Les habitants des Savanes se distinguent par un regard plus optimiste sur l’orientation et la situation économique du pays, ainsi que des perspectives d’avenir, bien qu’ils soient plus enclins à percevoir des traitements discriminatoires envers les membres de leur groupe ethnique et qu’ils fassent face à un déficit plus marqué en infrastructures et services.
Par ailleurs, la résidence dans la région des Savanes est associée à une confiance accrue envers le gouvernement dans la lutte contre le terrorisme, de même qu’à une meilleure appréciation de sa communication et de sa gestion des préoccupations relatives à la situation sécuritaire dans le Nord. En revanche, la perception d’une bonne situation économique nationale exerce une influence mitigée sur l’approbation de ces politiques.

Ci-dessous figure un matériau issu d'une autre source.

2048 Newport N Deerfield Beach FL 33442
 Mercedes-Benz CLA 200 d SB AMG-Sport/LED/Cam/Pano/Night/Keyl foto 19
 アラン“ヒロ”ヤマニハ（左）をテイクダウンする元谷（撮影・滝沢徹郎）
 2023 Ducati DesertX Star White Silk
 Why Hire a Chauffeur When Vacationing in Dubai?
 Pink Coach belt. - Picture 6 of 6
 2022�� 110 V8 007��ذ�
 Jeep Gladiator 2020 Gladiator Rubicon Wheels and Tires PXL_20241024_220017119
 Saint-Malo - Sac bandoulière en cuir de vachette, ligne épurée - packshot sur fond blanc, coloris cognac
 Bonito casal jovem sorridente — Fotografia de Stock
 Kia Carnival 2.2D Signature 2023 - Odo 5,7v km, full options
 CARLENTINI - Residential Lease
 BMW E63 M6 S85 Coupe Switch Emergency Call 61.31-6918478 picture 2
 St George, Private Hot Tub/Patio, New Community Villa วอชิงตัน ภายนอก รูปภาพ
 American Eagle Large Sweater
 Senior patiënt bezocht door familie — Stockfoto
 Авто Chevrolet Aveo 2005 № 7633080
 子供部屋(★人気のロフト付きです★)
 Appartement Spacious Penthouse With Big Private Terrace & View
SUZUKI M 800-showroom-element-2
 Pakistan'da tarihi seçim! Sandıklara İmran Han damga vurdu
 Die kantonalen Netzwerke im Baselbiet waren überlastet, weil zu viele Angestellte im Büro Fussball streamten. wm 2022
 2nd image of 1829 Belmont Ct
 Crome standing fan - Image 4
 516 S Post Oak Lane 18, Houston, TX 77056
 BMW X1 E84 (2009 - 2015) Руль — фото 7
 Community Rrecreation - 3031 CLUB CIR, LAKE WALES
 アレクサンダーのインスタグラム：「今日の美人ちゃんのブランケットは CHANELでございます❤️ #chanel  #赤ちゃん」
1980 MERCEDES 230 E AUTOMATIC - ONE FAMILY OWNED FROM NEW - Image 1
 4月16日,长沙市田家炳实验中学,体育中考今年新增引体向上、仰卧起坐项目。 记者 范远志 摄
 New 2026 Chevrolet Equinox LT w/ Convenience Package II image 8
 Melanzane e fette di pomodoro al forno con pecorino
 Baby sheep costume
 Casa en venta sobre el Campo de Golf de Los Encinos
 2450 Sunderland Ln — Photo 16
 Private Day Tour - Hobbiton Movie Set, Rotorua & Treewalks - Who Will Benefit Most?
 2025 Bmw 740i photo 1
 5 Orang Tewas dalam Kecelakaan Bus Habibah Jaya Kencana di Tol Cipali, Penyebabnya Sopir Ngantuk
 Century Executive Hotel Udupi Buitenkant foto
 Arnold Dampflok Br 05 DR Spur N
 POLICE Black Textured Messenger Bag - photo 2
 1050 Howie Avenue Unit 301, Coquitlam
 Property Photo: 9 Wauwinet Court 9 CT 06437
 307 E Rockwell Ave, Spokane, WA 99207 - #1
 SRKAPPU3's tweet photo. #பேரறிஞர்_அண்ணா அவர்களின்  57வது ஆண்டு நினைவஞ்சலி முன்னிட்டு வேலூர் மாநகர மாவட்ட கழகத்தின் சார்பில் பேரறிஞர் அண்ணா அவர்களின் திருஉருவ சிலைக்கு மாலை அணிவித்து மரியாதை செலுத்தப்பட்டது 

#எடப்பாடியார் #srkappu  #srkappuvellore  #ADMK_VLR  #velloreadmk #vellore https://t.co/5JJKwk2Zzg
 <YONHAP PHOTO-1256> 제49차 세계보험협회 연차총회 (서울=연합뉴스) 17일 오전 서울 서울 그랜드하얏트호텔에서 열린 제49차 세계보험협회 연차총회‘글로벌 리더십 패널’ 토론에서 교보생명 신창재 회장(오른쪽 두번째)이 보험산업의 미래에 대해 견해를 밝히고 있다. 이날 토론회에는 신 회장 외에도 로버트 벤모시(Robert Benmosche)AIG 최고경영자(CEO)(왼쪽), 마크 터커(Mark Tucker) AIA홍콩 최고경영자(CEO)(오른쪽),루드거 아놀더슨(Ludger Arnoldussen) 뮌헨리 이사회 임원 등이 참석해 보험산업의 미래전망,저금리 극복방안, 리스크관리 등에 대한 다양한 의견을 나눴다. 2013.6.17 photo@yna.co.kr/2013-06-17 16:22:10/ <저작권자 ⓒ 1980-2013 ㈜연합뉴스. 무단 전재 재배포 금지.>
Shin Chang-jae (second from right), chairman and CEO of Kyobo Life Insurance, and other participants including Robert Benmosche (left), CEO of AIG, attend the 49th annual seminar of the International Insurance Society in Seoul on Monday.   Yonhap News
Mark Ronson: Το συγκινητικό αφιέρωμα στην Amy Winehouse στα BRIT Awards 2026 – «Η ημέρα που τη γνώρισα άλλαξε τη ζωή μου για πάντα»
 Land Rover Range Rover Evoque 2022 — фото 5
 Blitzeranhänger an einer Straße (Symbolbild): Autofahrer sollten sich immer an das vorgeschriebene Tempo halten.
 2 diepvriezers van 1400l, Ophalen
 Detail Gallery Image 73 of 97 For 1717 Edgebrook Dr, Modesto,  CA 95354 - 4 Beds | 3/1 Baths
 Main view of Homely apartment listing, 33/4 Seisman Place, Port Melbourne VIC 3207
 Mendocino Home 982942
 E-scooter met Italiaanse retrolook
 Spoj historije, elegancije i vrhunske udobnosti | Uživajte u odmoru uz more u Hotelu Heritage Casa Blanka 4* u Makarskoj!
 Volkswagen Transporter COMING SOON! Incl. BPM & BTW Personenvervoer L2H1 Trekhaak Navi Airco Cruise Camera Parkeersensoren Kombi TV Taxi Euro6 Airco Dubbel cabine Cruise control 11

Cela suggère que la proximité avec les zones d’insécurité, défavorisées en infrastructures et en services, n’entraîne pas nécessairement un rejet des politiques gouvernementales en matière de sécurité. La perception d’une bonne situation économique nationale, probablement liée aux investissements massifs consentis par le gouvernement dans la région, entretient toutefois un lien mitigé avec leur approbation.